Why Structured Due Diligence Should Precede Any UK or EU Filing
For US sterile injectable companies holding FDA-approved ANDAs, international expansion often begins with a practical question:
“What would it take to file this product in the UK or EU?”
That question is reasonable — but incomplete.
A more valuable starting point for senior management is:
“Should we file at all, and under what conditions?”
The distinction matters. Filing is an operational step. Due diligence is a strategic one.
Due diligence is not regulatory paperwork — it is risk control
When companies move directly from interest to execution, they typically focus on:
Identifying the regulatory pathway
Mapping submission requirements
Estimating timelines to approval
All of which are necessary.
What is often missing is a structured, integrated assessment of:
The extent to which the existing ANDA data package is genuinely portable
Where regulatory interpretation risk may sit
Whether additional data generation is likely
The true manufacturing and tech transfer implications
How these factors affect cost, timing, and commercial viability
Without this assessment, filing decisions are made on partial information
The cost of filing before clarity
When programmes encounter difficulty, it is rarely because the science fails. More often, it is because assumptions were not stress-tested early.
Late-stage regulatory questions can lead to:
Additional data commitments
Extended review cycles
Unplanned manufacturing adjustments
Margin erosion
These are not catastrophic failures — but they are expensive and distracting.

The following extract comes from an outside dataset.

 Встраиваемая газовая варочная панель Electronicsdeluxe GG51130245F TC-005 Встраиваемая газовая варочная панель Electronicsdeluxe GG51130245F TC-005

For sterile injectables, where operational discipline and supply reliability are critical, the cumulative effect can materially affect the business case.

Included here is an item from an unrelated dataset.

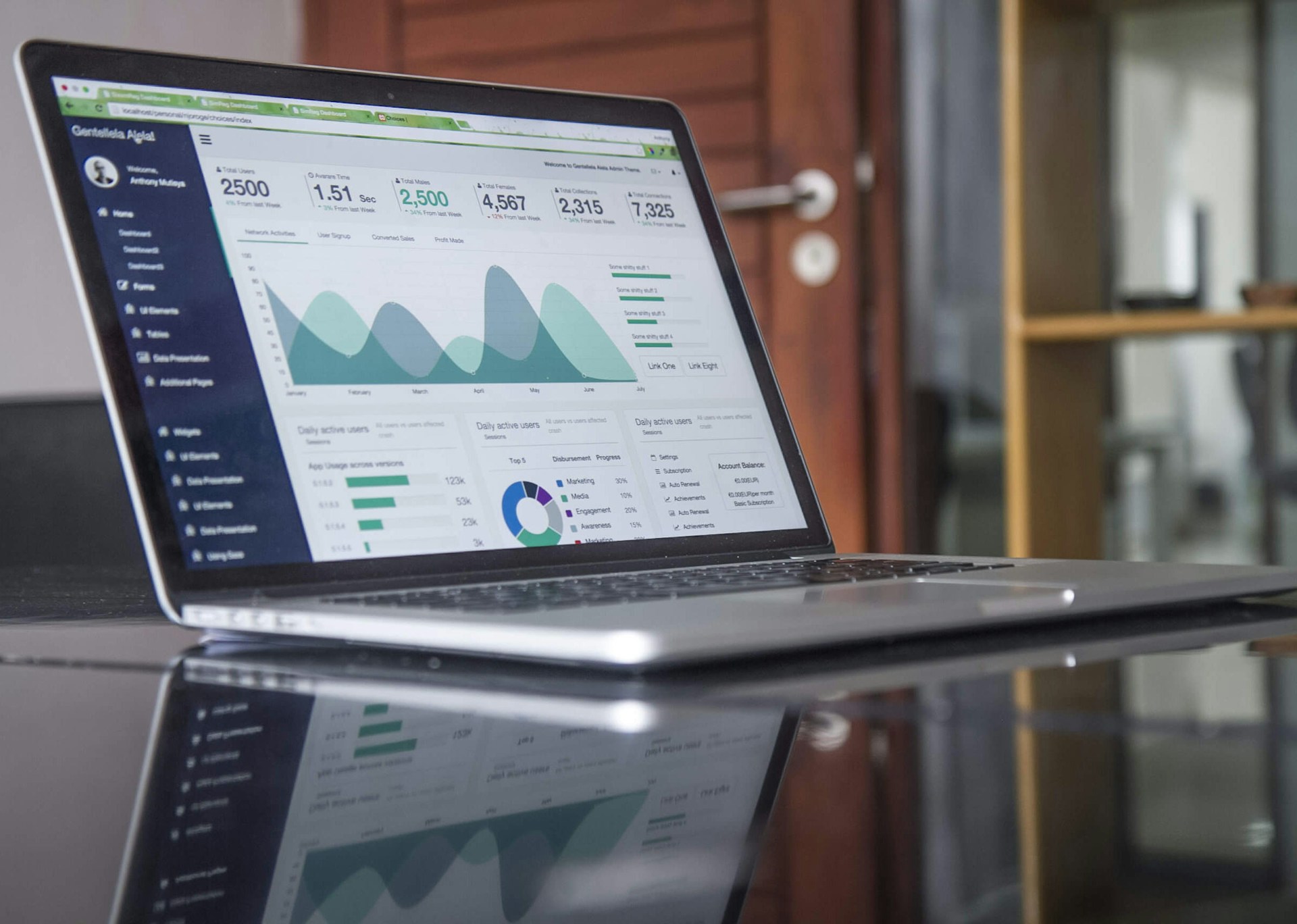 seo specialisten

A structured due diligence phase exists to prevent precisely this kind of drift.
What structured due diligence should deliver
An effective assessment does more than confirm that a pathway exists. It should provide senior management with:
A clear statement of regulatory feasibility
Identification of likely areas of scrutiny
A defined scope of any additional work required
A fully costed execution plan
An integrated view of regulatory, technical, and commercial risk
Equally important, it should provide the confidence to decide not to proceed if the case does not hold.
Clarity is the objective — not momentum.
The discipline of deciding early
One of the most valuable outcomes of structured due diligence is the ability to preserve optionality.

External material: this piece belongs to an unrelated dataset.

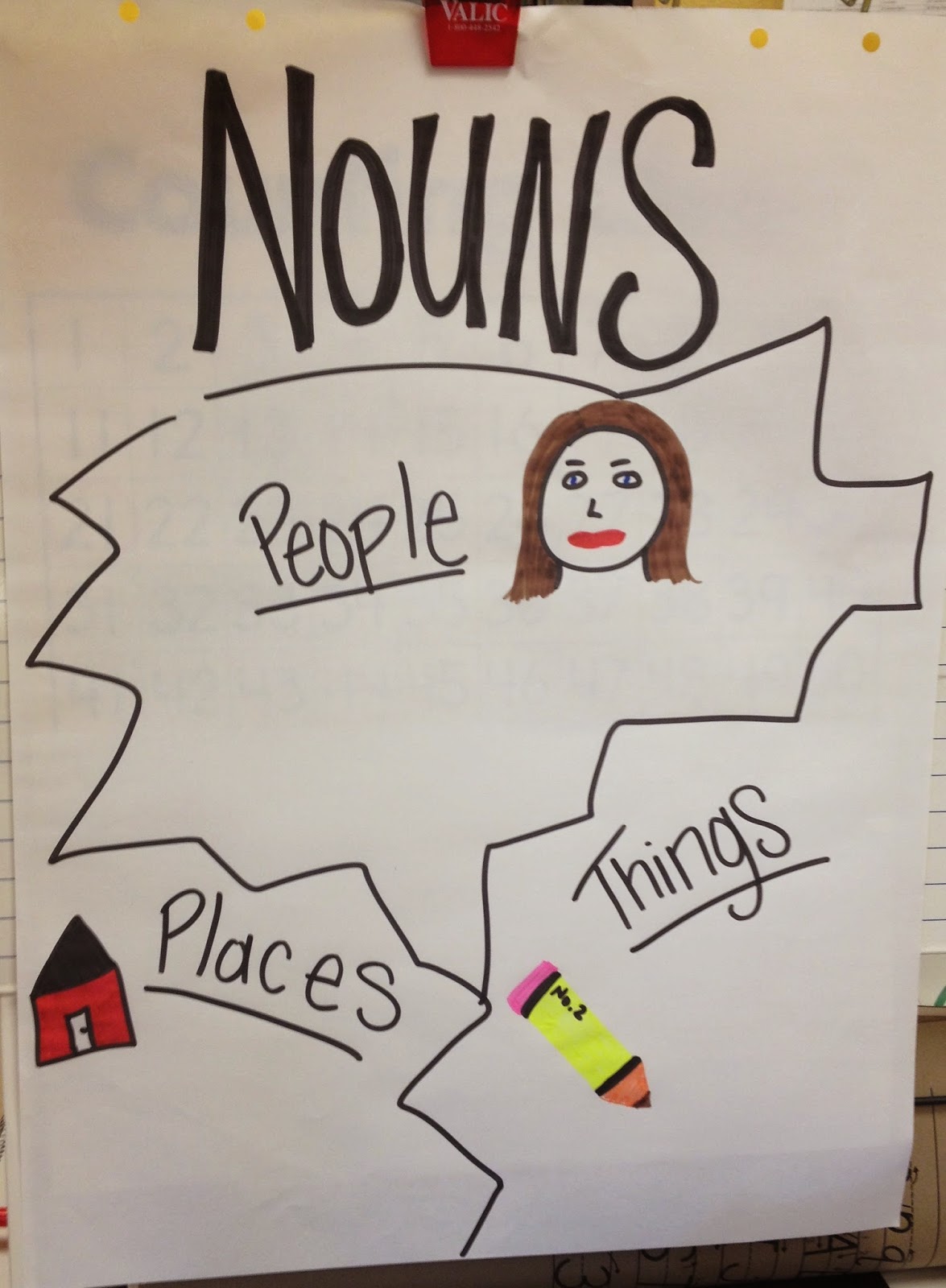 FIRST GRADE MONSTARS Nouns, Nouns, Nouns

Before filings begin, before manufacturing changes are locked in, before supply chains are adjusted, management retains flexibility.
After those commitments are made, flexibility reduces rapidly.
This is why the most effective international expansions I observe begin with a deliberate pause. Not to delay progress, but to ensure that progress is grounded in evidence.
Conclusion
An FDA-approved ANDA is a strong foundation. But UK and EU market entry is not an automatic extension of that approval.
Structured due diligence should precede any filing decision because it transforms a regulatory exercise into a managed commercial strategy.
For senior leadership, that distinction is not academic. It is the difference between expansion that creates value — and expansion that consumes it.